▶ _Records to process_:
-.-.-

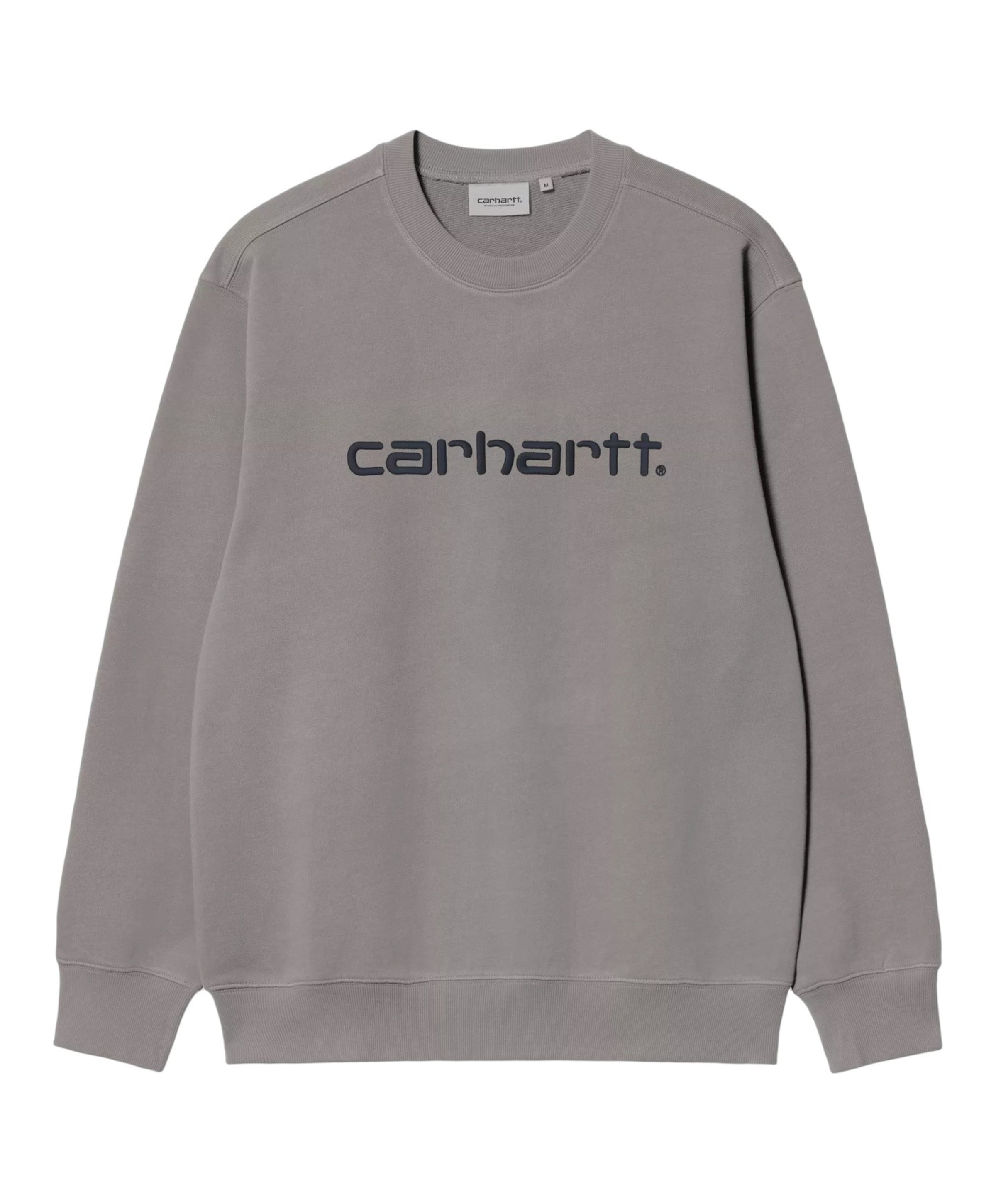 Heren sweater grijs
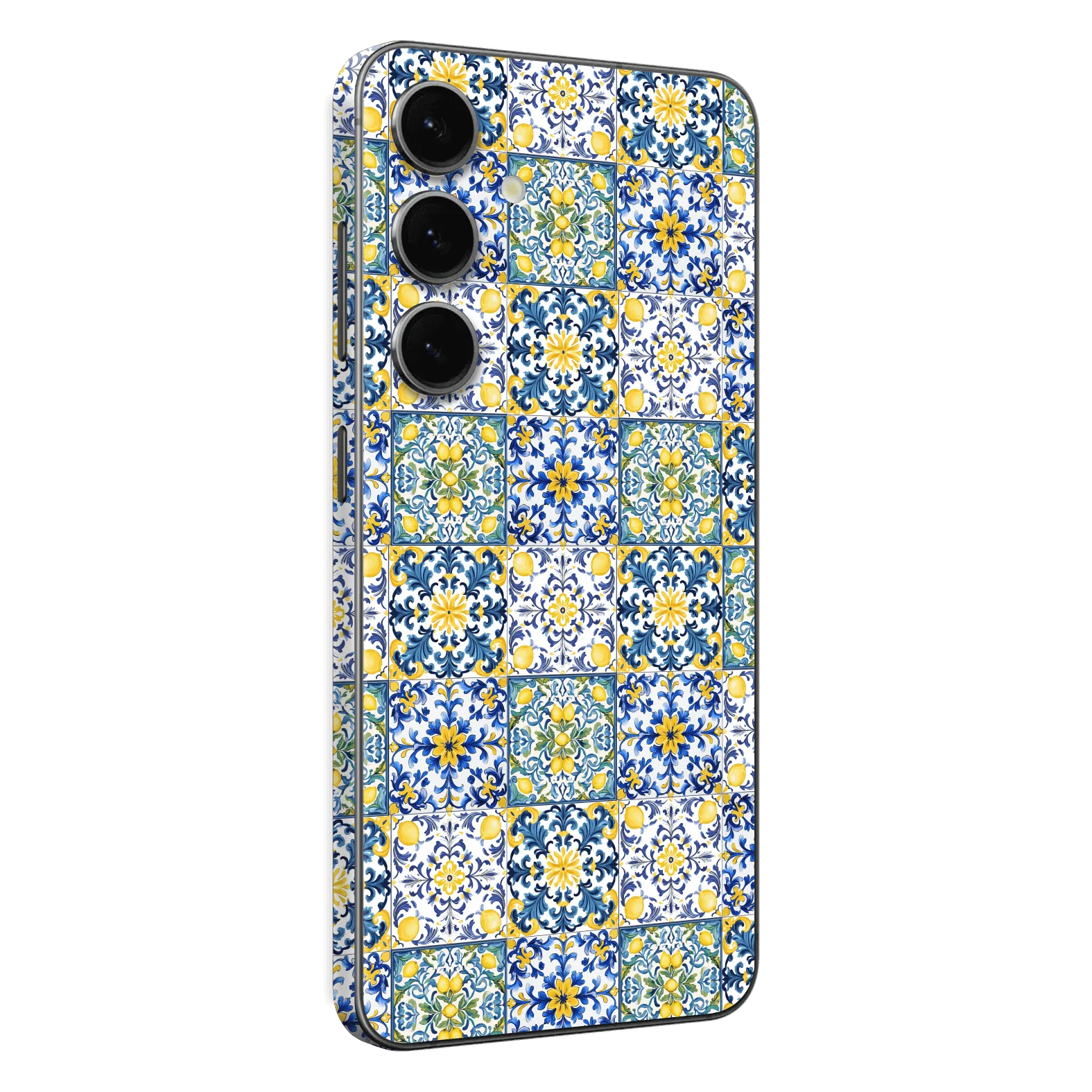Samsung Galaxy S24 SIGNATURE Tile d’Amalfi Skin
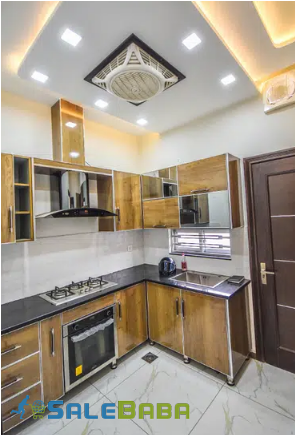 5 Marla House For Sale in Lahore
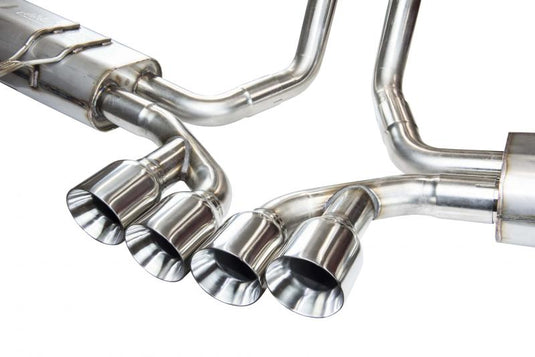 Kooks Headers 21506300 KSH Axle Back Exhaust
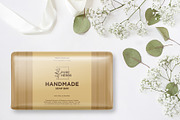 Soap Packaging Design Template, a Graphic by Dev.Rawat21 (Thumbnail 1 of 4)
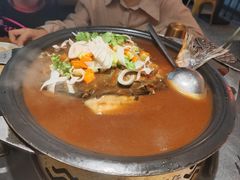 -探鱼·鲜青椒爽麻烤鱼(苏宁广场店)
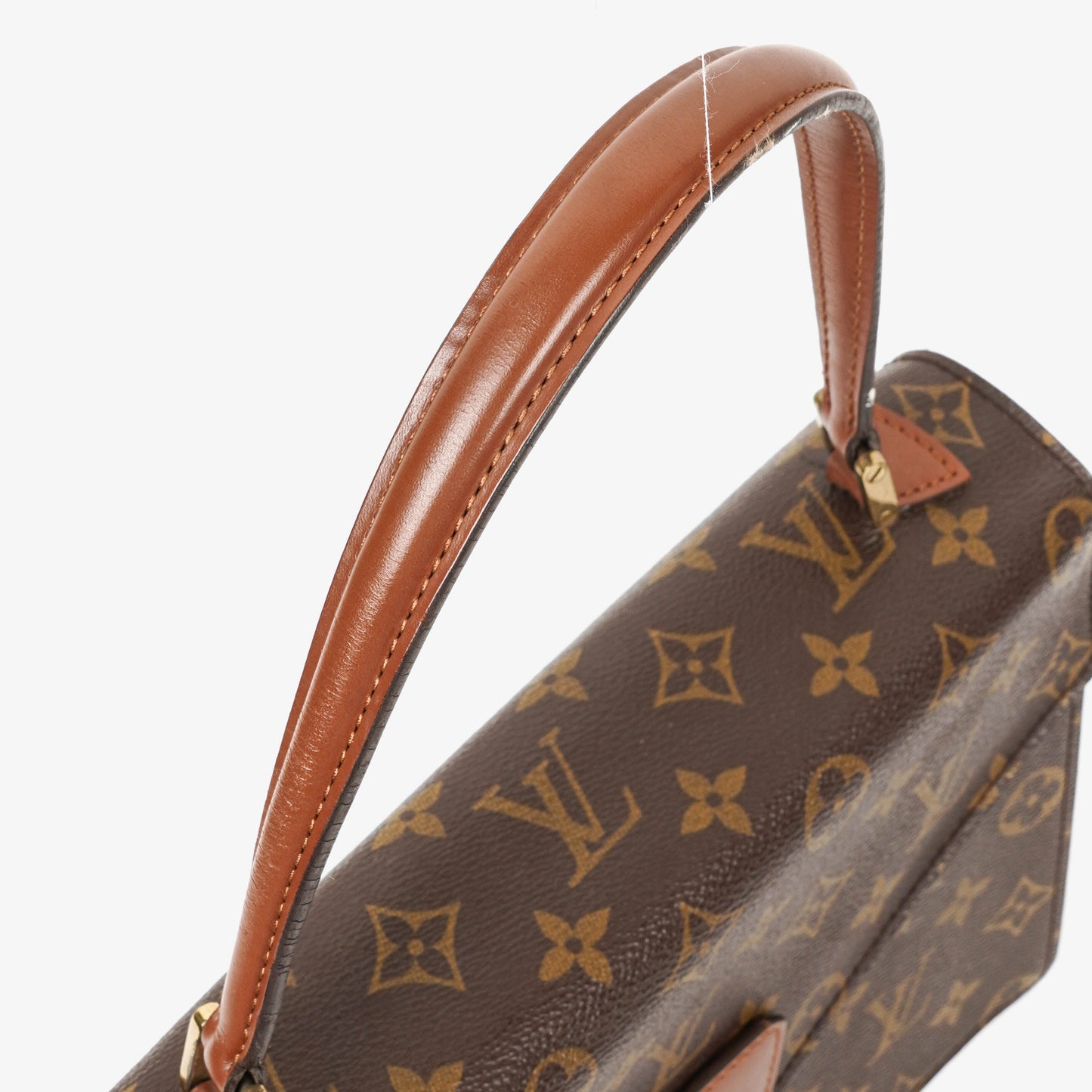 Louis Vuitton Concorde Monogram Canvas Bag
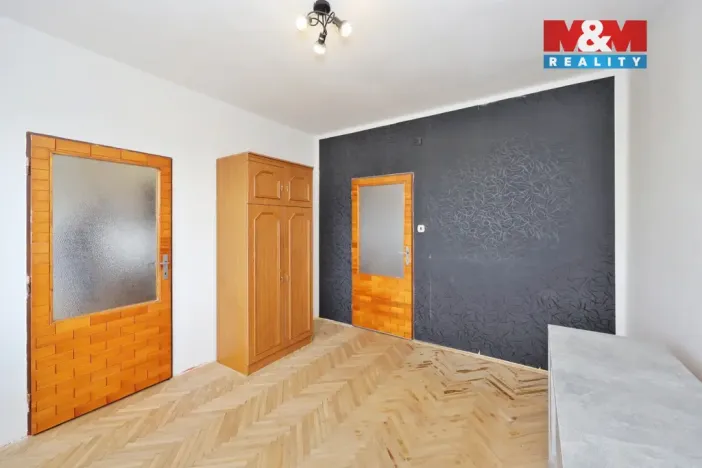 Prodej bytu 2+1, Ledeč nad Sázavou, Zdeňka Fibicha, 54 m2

-.-.-

▶ _What you are asked to do_:
Retype exactly the lines from the line containing "5 Marla House For Sale in Lahore" through the end of the entries above, including both ends, and leave every picture out.

▶ _Response below_:
 5 Marla House For Sale in Lahore
 Kooks Headers 21506300 KSH Axle Back Exhaust
 Soap Packaging Design Template, a Graphic by Dev.Rawat21 (Thumbnail 1 of 4)
 -探鱼·鲜青椒爽麻烤鱼(苏宁广场店)
 Louis Vuitton Concorde Monogram Canvas Bag
 Prodej bytu 2+1, Ledeč nad Sázavou, Zdeňka Fibicha, 54 m2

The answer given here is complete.